I am trying to write an awk script and before anything is done tell the user how many lines are in the file. I know how to do this in the END section but unable to do so in the BEGIN section. I have searched SE and Google but have only found a half dozen ways to do this in the END section or as part of a bash script, not how to do it before any processing has taken place at all. I was hoping for something like the following:
#!/usr/bin/awk -f
BEGIN{
print "There are a total of " **TOTAL LINES** " lines in this file.\n"
}
{
if($0==4587){print "Found record on line number "NR; exit 0;}
}
But have been unable to determine how to do this, if it is even possible. Thanks.

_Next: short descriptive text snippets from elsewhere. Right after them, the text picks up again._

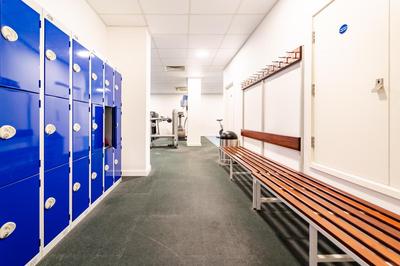 Chic property near Tower Hill with a gym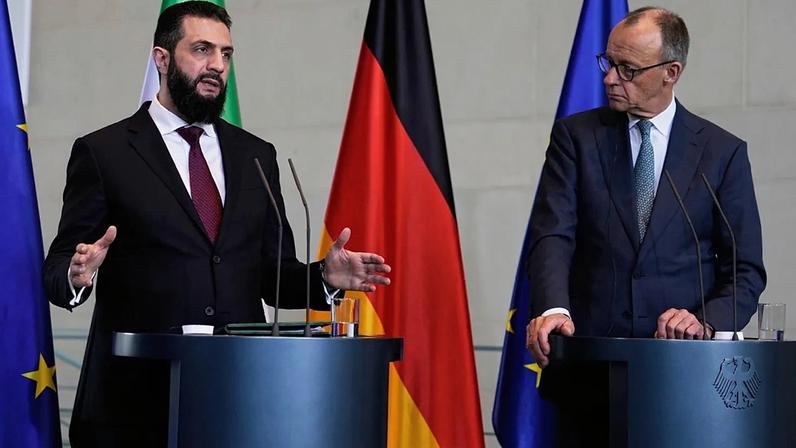 O chanceler alemão Friedrich Merz (à esquerda) recebe Ahmed al-Sharaa, presidente do governo de transição sírio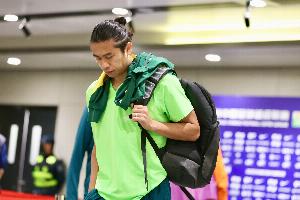 足球报：张玉宁经过检查后并无大碍，应该不会影响接下来的比赛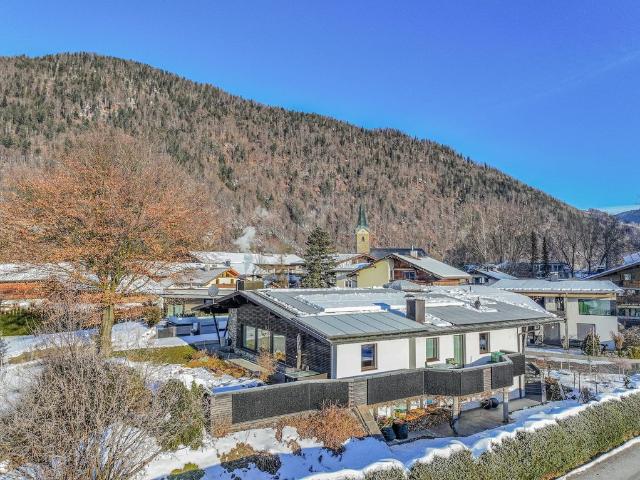 Luxus Haus mit 5 Zimmer zu verkaufen in Kirchdorf in Tirol, Österreich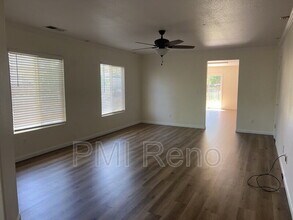 7732 Corso St in Reno, NV - Foto de edificio - Building Photo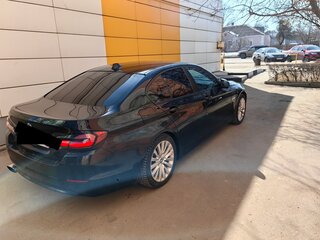 2011 BMW 5 серии 520d VI (F10/F11/F07), чёрный, 1600000 рублей, вид 4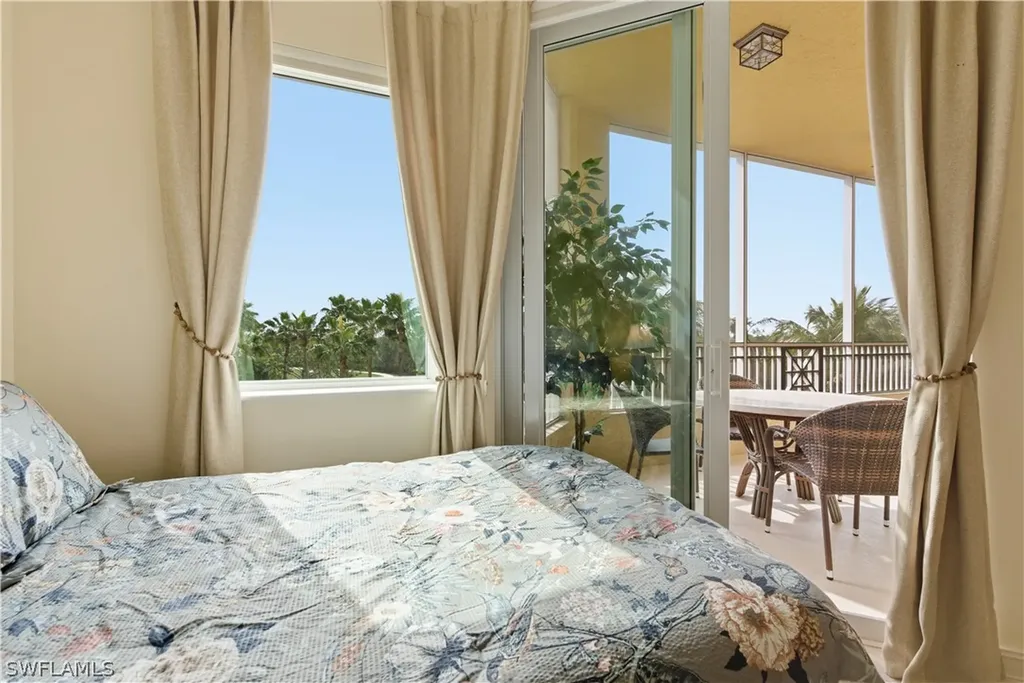 2748 Tiburon Boulevard E Naples FL 34109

You can read the file twice:
awk 'NR!=1 && FNR==1 {print NR-1} <some more code here>' file{,}
In your example:
awk 'NR!=1 && FNR==1 {print "There are a total of "NR-1" lines in this file.\n"} $0==4587 {print "Found record on line number "NR; exit 0;}' file{,}
You can use file file instead of file{,} (it just makes it show up twice)
NR!=1 && FNR==1 this will be true only at first line of second file.
To use an awk script containing:
#!/usr/bin/awk -f
NR!=1 && FNR==1 {
print "There are a total of "NR-1" lines in this file.\n"
}
$0==4587 {
print "Found record on line number "NR; exit 0
}
call:
awk -f myscript file{,}
To do this robustly and for multiple files you need something like:
$ cat tst.awk
BEGINFILE {
numLines = 0
while ( (getline line < FILENAME) > 0 ) {
numLines++
}
print "----\nThere are a total of", numLines, "lines in", FILENAME
}
$0==4587 { print "Found record on line number", FNR, "of", FILENAME; nextfile }
$
$ cat file1
a
4587
c
$
$ cat file2
$
$ cat file3
d
e
f
4587
$
$ awk -f tst.awk file1 file2 file3
----
There are a total of 3 lines in file1
Found record on line number 2 of file1
----
There are a total of 0 lines in file2
----
There are a total of 4 lines in file3
Found record on line number 4 of file3
The above uses GNU awk for BEGINFILE. Any other solution is difficult to implement such that it will handle empty files (you need an array to track files being parsed and print info the the FNR==1 and END sections after the empty file has been skipped).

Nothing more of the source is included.